报告题目：Integer colorings with no rainbow $k$-term arithmetic progression

报告人：周文玲

报告时间：2022.10.1下午15:30-16:30

报告地点：腾讯会议889845730

摘要：In this talk, we study the rainbow Erd\H{o}s-Rothschild problem with respect to $k$-term arithmetic progressions. For a set of positive integers $S \subseteq [n]$,

an $r$-coloring of $S$ is \emph{rainbow $k$-AP-free} if it contains no rainbow $k$-term arithmetic progression.
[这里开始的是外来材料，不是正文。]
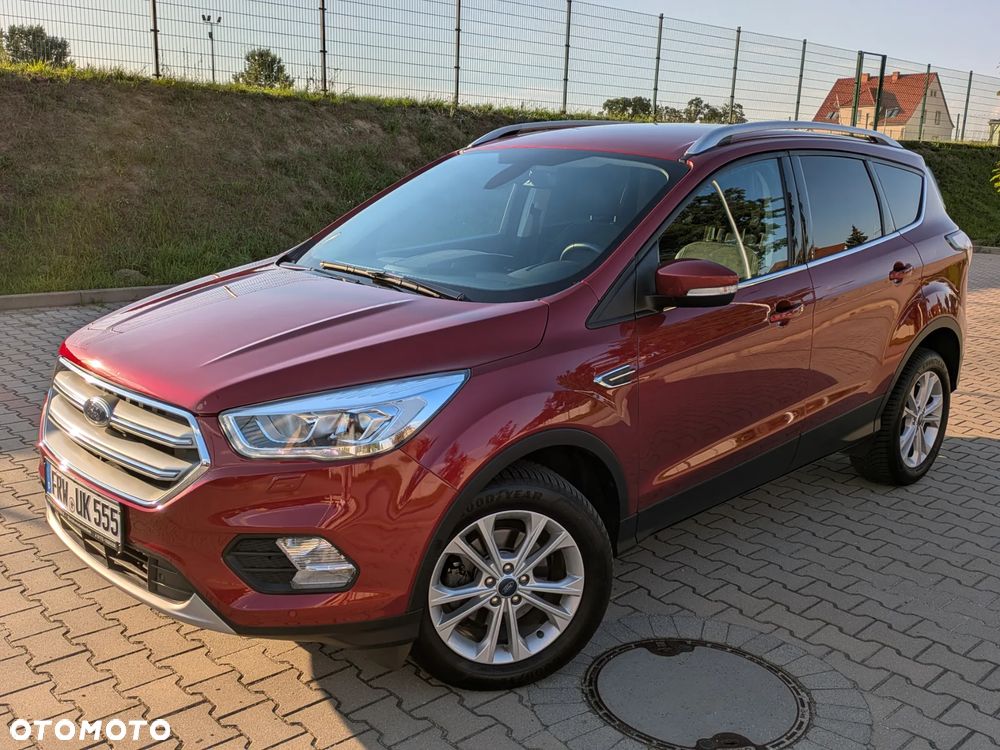 Ford Kuga 1.5 EcoBoost 2x4 Titanium - 3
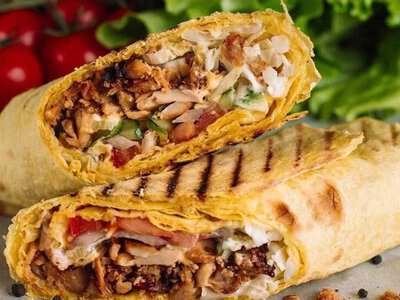 Смак, що підкорює: секрет приготування соковитої шаурми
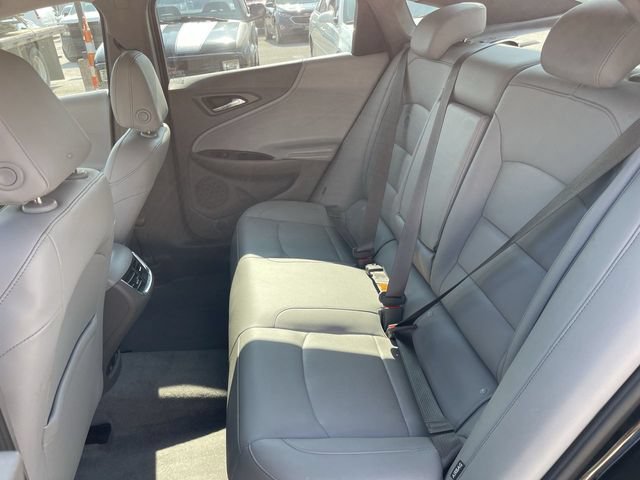 Used 2018 Chevrolet Malibu LT w/ Leather Package FWD image 22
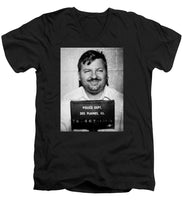 John Wayne Gacy Mug Shot 1980 Black And White - Men's V-Neck T-Shirt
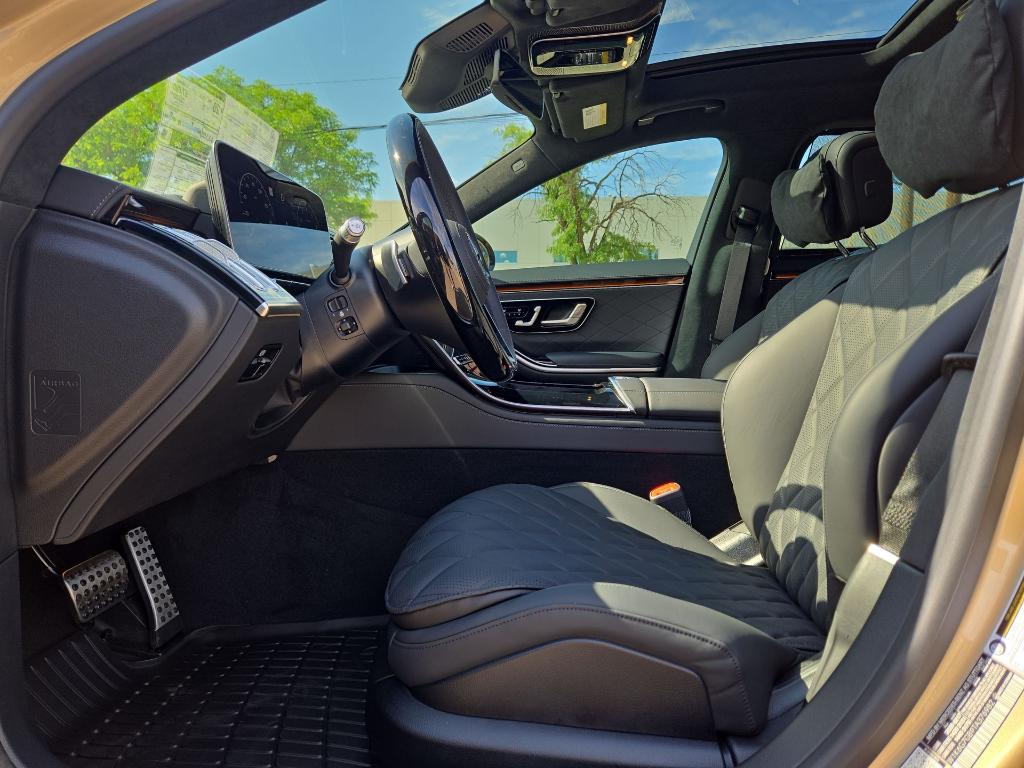 2026 Mercedes-BENZ S-CLASS — миниатюра 16
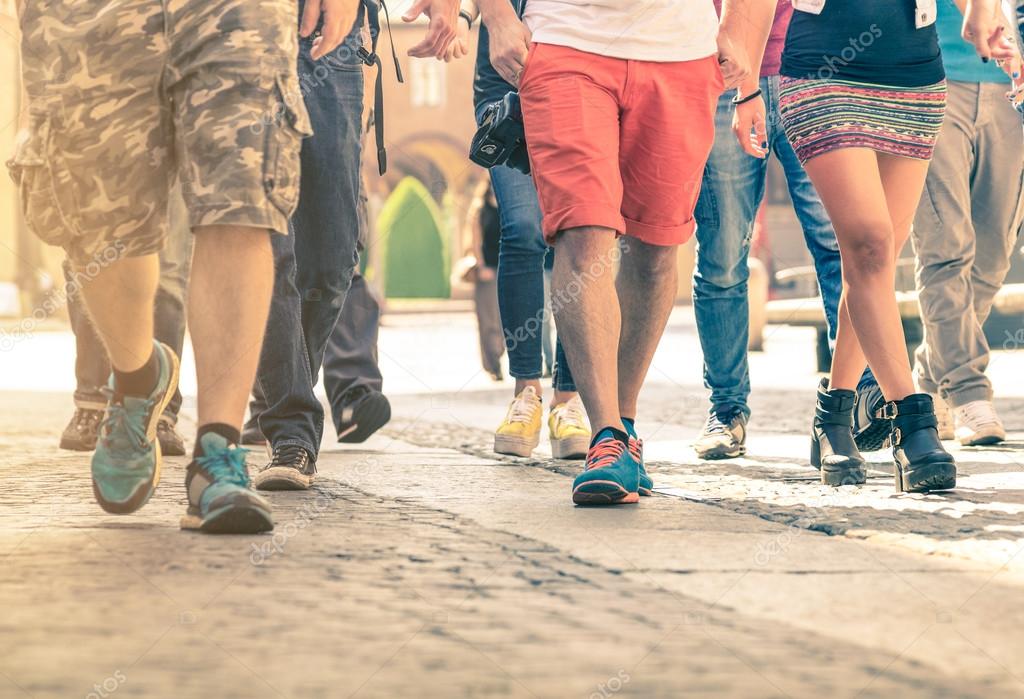 Multidão de pessoas andando na rua - Detalhe de pernas e sapatos que se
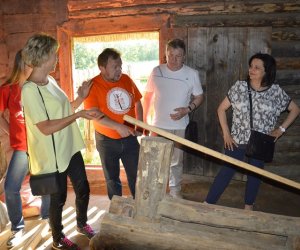 Delegacja pracowników Muzeum Rolnictwa w Ciechanowcu z wizytą na Białorusi na zaproszenie Białoruskiego Państwowego Muzeum Architektury i Życia Codziennego w Mińsku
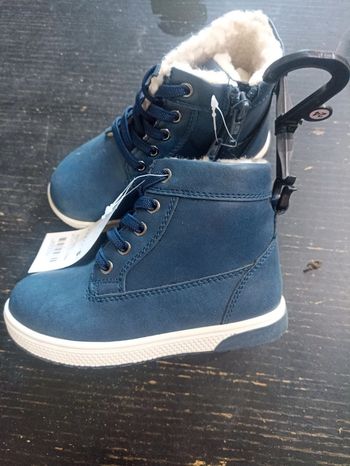 Basket fourrée taille 24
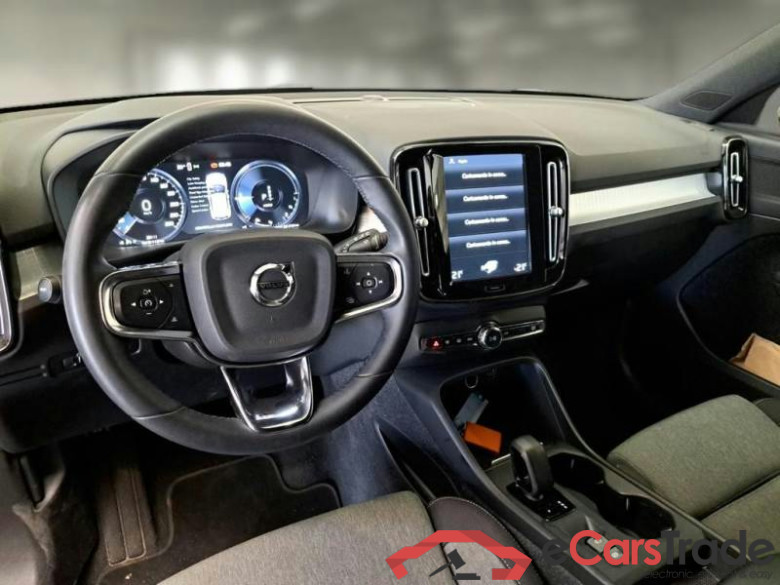 VOLVO XC40 / 2021 / 5P / SUV T4 RECHARGE PLUG-IN AUTO CORE #3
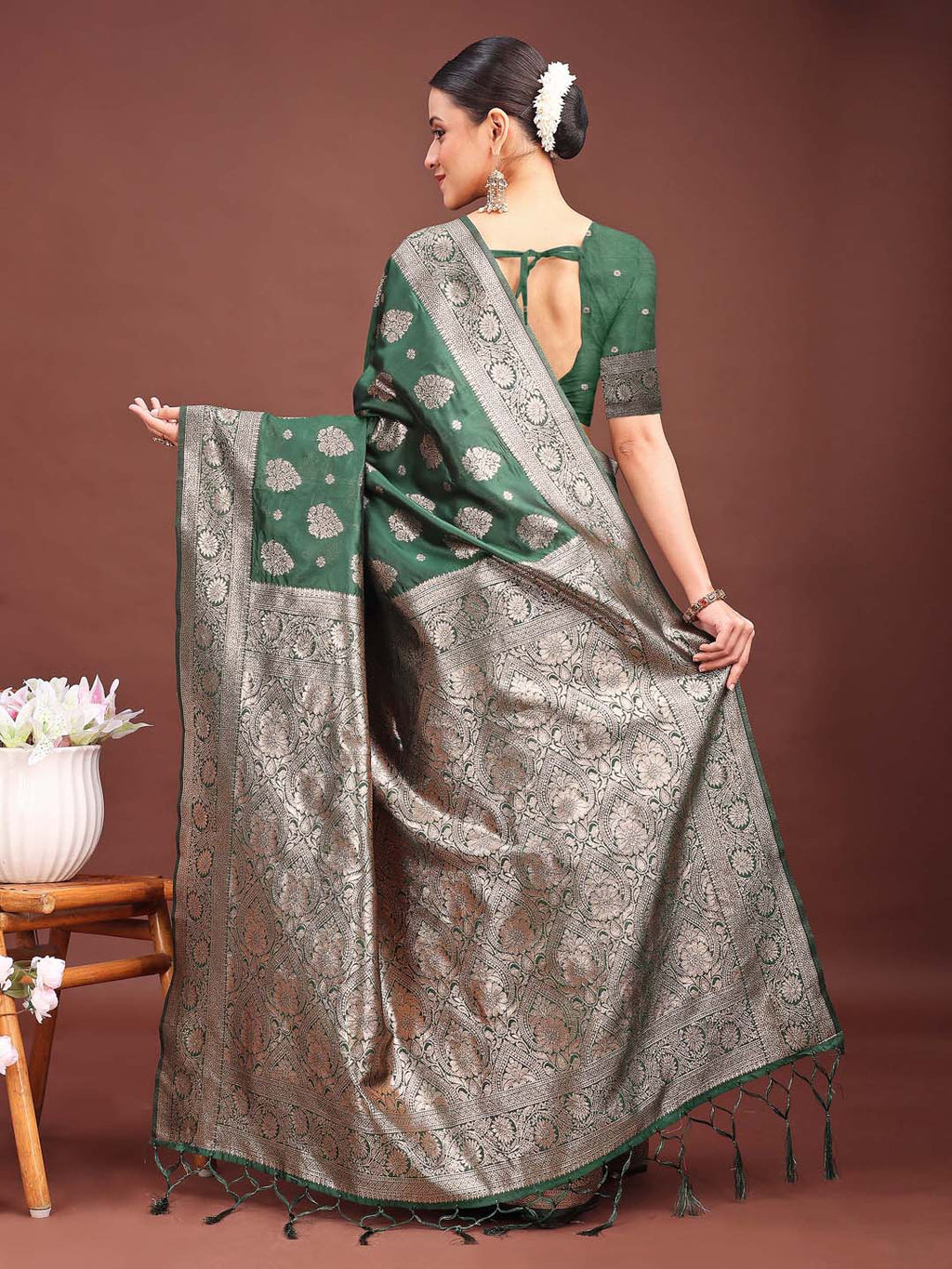 Shree Shyam Fashion Dark Green Banarasi Silk Saree with Zari Weaving - A Timeless Tale of Elegance | Grocsy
Let $g_{r,k}(S)$ denote the maximum number of rainbow $k$-AP-free $r$-colorings of $S$. For sufficiently large $n$ and fixed integers $r\ge k\ge 3$, we show that $g_{r,k}(S)<g_{r,k}([n])$ for any proper subset $S\subset [n]$. Further, we prove that $\lim_{n\to \infty}g_{r,k}([n])/(k-1)^n= \binom{r}{k-1}$. Our result is asymptotically best possible and implies that, almost all rainbow $k$-AP-free $r$-colorings of $[n]$ use only $k-1$ colors.

报告人简介：周文玲，山东大学和巴黎萨克雷大学联合培养博士生，师从王光辉教授和李皓教授。主要研究方向是极值组合，包括：染色图与有向图的Tur\'an 问题，拟随机超图的 Tur\'an 问题和Factor 问题以及一些整数集合中的极值问题等。已经在Journal of the London Mathematical Society和European Journal of Combinatorics等杂志发表3篇文章。